The report does not include everything you discussed. The psychologist includes only information relevant to the referral questions. Personal details unrelated to your work functioning are not disclosed.
If the assessment determines you are not ready to return, the report will explain why and outline what needs to change. This might mean continued treatment, a change in treatment approach, or addressing specific workplace conditions.
The report is not a binding decision. Your employer and insurer use it to inform their decision-making, but they also consider other factors, including their own policies, your treating clinician's input, and applicable employment and human rights legislation.
Can You Decline a Return-to-Work Psychological Assessment?
Technically, yes. No one can force you to attend a psychological assessment.
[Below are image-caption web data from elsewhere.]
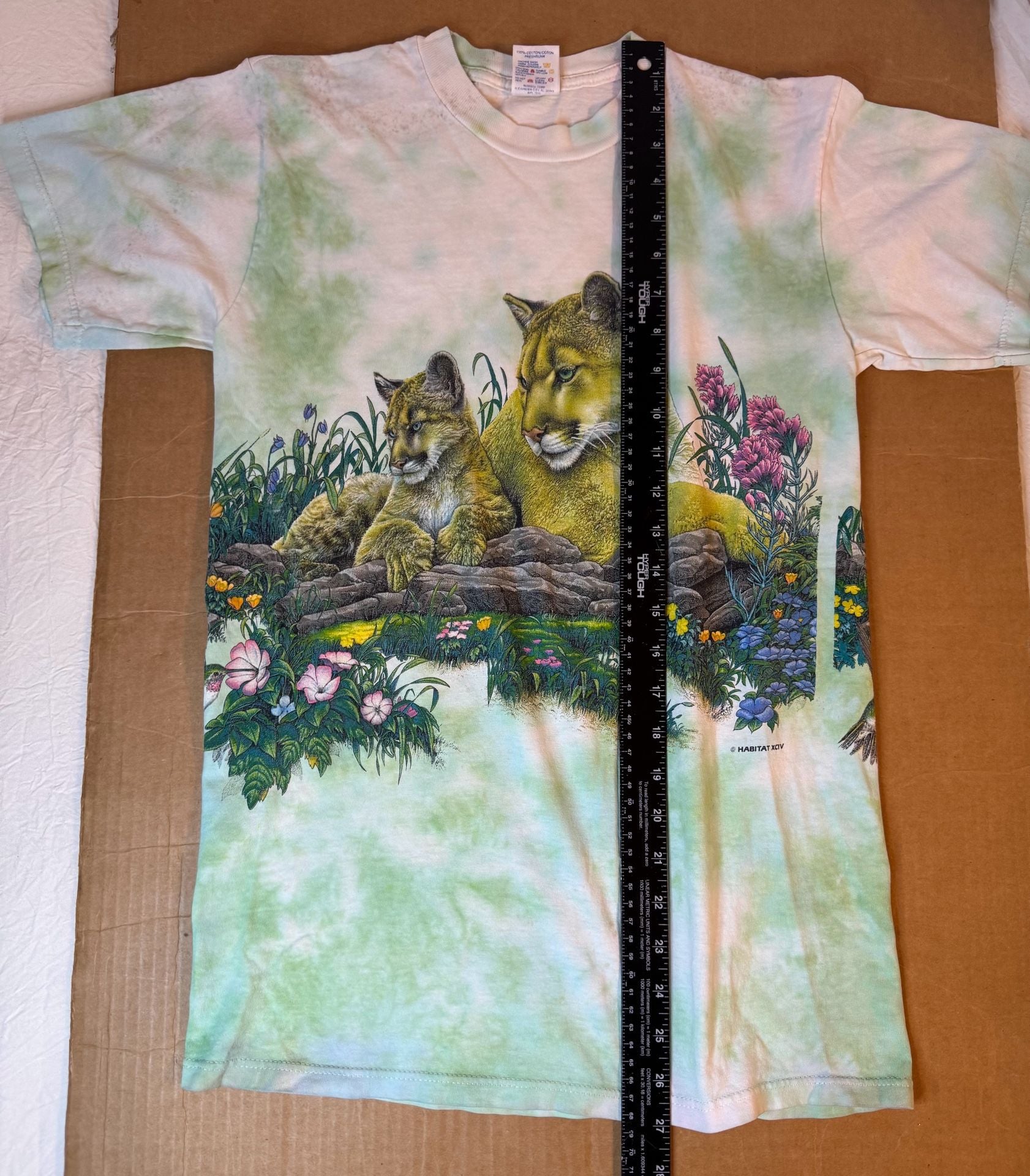 Jerzees Habitat Mountain Lion Cubs Tie Dye T-Shirt Size S 9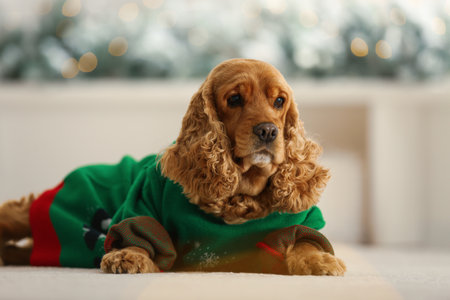 Adorable Cocker Spaniel in Christmas sweater on blurred backgroundの写真素材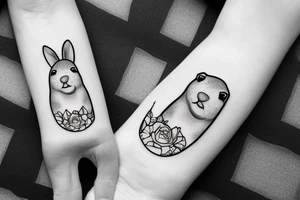 capybara with bunny ears on a children's slide tattoo idea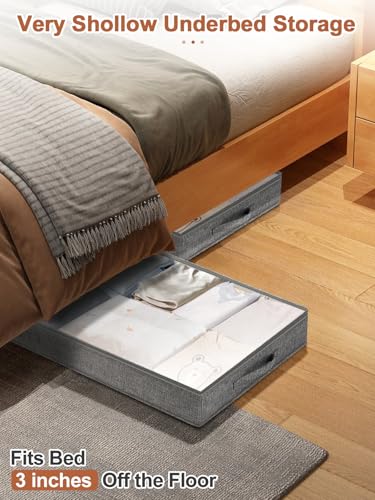 punemi Low-Profile Under Bed Storage Containers, 20 x 40 x 3 in, 4 Pack - color: Grey, size: 4 Pack-3 inch Tall-Soft
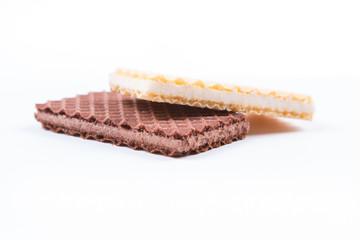 Sugar wafer cookie isolated on white background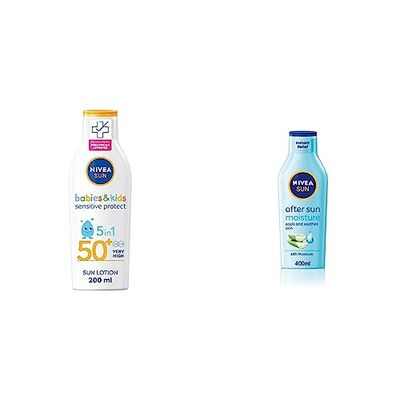 NIVEA SUN Kids Protect & Sensitive Sun Lotion (200ml) Sunscreen with SPF 50+, Kids Suncream & SUN After Sun Moisturising Soothing Lotion (400 ml), Cooling Moisturiser with Aloe Vera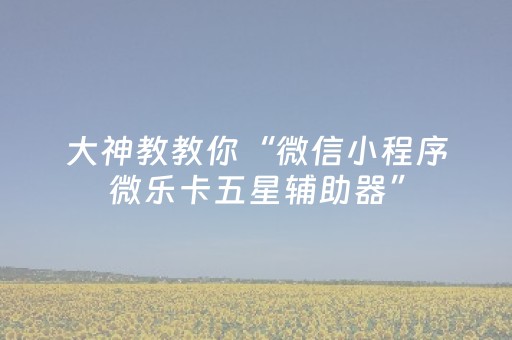 胜率设置方法“微信小程序微乐麻将怎么提高胜率（专用辅牌神器免安装）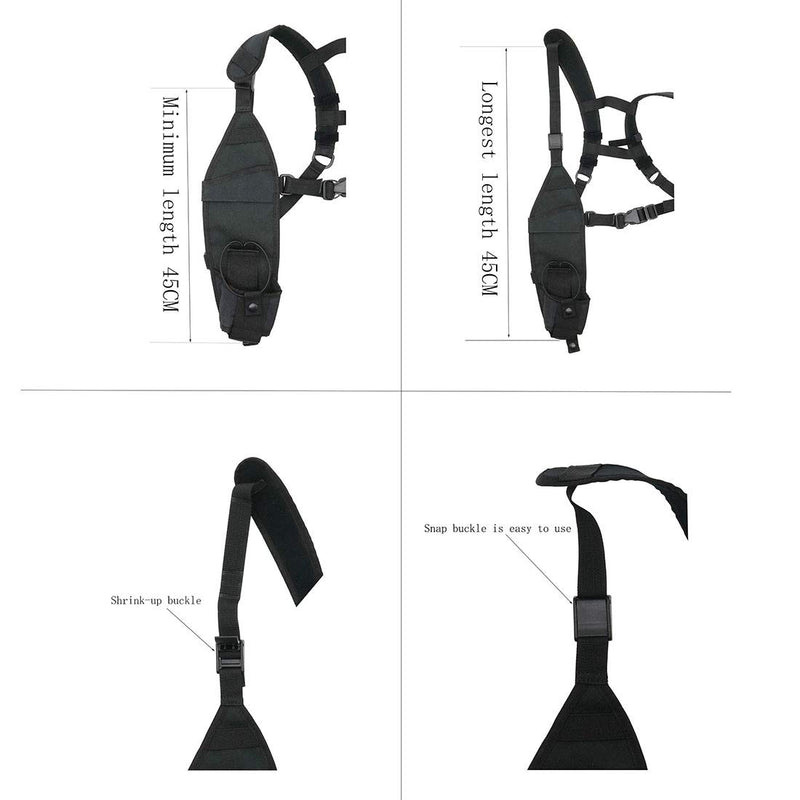 [Australia - AusPower] - GoodQbuy Universal Double Radio Shoulder Harness Chest Rig Bag Pocket Pack Holster Vest for Two Way Radio Rescue Essentials(Vest Harness)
Declining has consequences, though. If the assessment was requested as a condition of returning to work or continuing disability benefits, refusing may result in benefits being suspended or your return being delayed. Insurers and employers have a legitimate interest in understanding your functional capacity, and declining removes the most objective way to demonstrate it.
You have options short of outright refusal. You can ask the referring party to explain the specific purpose and scope of the assessment. You can request information about the psychologist's approach. You can bring a support person to the appointment (they wait in the lobby rather than the session, but their presence can reduce anxiety). You can ask what information will be shared and with whom.
Most people find the actual experience less stressful than the anticipation.
If you've been asked to complete a return-to-work assessment, speaking with the assessing psychologist's office before your appointment to clarify the process is a practical first step.